They poured on to the streets bearing banners and flags, united in joy and disbelief.

Andrés Manuel López Obrador
Andrés Manuel López Obrador, who won on his third run for the presidency. Photograph: Edgard Garrido/Reuters

“I still can’t believe it,” said Victor Gómez, one of thousands of Andrés Manuel López Obrador supporters who had descended on downtown Mexico City on Sunday night to toast their leader’s historic election victory.

Gómez, a 47-year-old artist, had brought a date to the fast-growing fiesta on the Paseo de la Reforma, a wide avenue running through the Mexican capital: a papier-mache sculpture portraying the leftist president-elect as a caped superhero.

“We’ve seen too many years of cynicism; too many years of theft, of lies, of hypocrisy,” he complained. “I want to believe things can change.”

Gómez was not alone. Around him, at the foot of the Ángel de la Independencia monument, hundreds of other joyous lópezobradoristas hugged, cheered, cried, leaped into the air and waved their country’s green, white and red flag. “Presidente! Presidente! Presidente!” they chanted. “Obrador! Obrador!

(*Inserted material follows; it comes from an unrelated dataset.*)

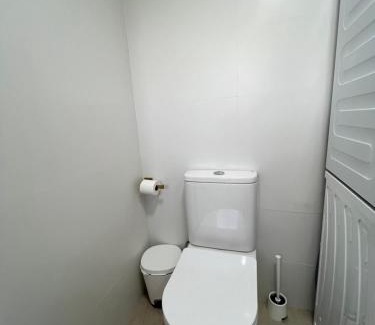 Torre de Benagalbon Apartment | Atico vistas al Mar golf ,Piscina y parking albatros 2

Obrador!”

Down the road, thousands more had packed into the capital’s main plaza, the Zócalo, to hear their leader give an exultant victory speech in which he vowed to transform Mexico and rule for the poor and forgotten.

“I’m happy, happy, happy – at last we got the guy we wanted,” beamed Antonio Hernández Vasquez, 63, a small-business owner who said he had been rooting for López Obrador, or Amlo as most Mexicans call him, since his first presidential run in 2006.

Amlo supporters stream into Zócalo, the main square in Mexico City.
Amlo supporters stream into Zócalo, the main square in Mexico City. Photograph: Mario Vazquez/AFP/Getty Images

“It is the first time in many years that we will have an honest president, an upright president,” Vasquez said of Amlo, who made eradicating rampant corruption and political sleaze the backbone of his third bid to become commander-in-chief. “He will change Mexico for the better.”

As the scale of Amlo’s triumph became clear, the street party swelled and Mexico City’s historic centre erupted into a joyful cacophony of car horns and revving engines.

“This is a historic day for us,” said Luiz Gerardo, a 23-year-old English teacher. “Now we’ve a chance to feel hope.”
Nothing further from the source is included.